Tier 3, the most predictive-oriented surveillance system, will arrive by 2035. Some residents will voluntarily donate their camera feeds, while others will be “encouraged to do so by tax-break incentives or nominal compensation.” A “public safety ecosystem” will centralize data “pulled from disparate databases such as social media, driver’s licenses, police databases, and dark data.” An AI-enabled analytics unit will let police assess “anomalies in real time and interrupt a crime before it is committed.”
That is to say, to catch pre-crime.
While CCTV surveillance began as a simple tool for criminal justice, it has grown into a multibillion-dollar industry that covers multiple industry verticals. From policing and smart cities to schools, health care facilities, and retail, society is moving toward near-complete visual surveillance of commercial and urban spaces.

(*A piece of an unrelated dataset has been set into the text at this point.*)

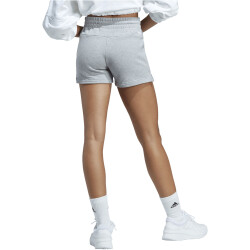 adidas Essentials Linear French Terry Shorts Damen 83F7 - mgreyh/white XXS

Denmark-based Milestone Systems, a top VMS provider with half its revenues in the U.S., had less than 10 employees in 1999. Today they are a major corporation that claims offices in over 20 countries.
Axis Communications used to be a network printer outfit. They have since become a leading camera provider pushing over $1 billion in sales per year.
BriefCam began as a university project. Now it is among the world’s top video analytics providers, with clients, it says, spanning over 40 countries.
Over the past six years, Canon purchased all three, giving the imaging conglomerate ownership of industry giants in video management software, CCTV cameras, and video analytics. Motorola recently acquired a top VMS provider, Avigilon, for $1 billion. In turn, Avigilon and other large firms have purchased their own companies.
The public is paying for their own high-tech surveillance three times over.
Familiar big tech giants are also in on the action. Lieutenant Patrick O’Donnell of the Chicago police force told me his department is working on a non-disclosure agreement with Google for a video analytics pilot project to detect people reacting to gunfire, and if they are in the prone position, so the police can receive real-time alerts. (Google did not respond to a request for comment.)
Video monitoring networks inevitably entangle and implicate a whole ecosystem of vendors, some of whom have offered, or may yet offer, services specifically targeted at such systems. Microsoft, Amazon, IBM, Comcast, Verizon, and Cisco are among those enabling the networks with technologies like cloud services, broadband connectivity, or video surveillance software.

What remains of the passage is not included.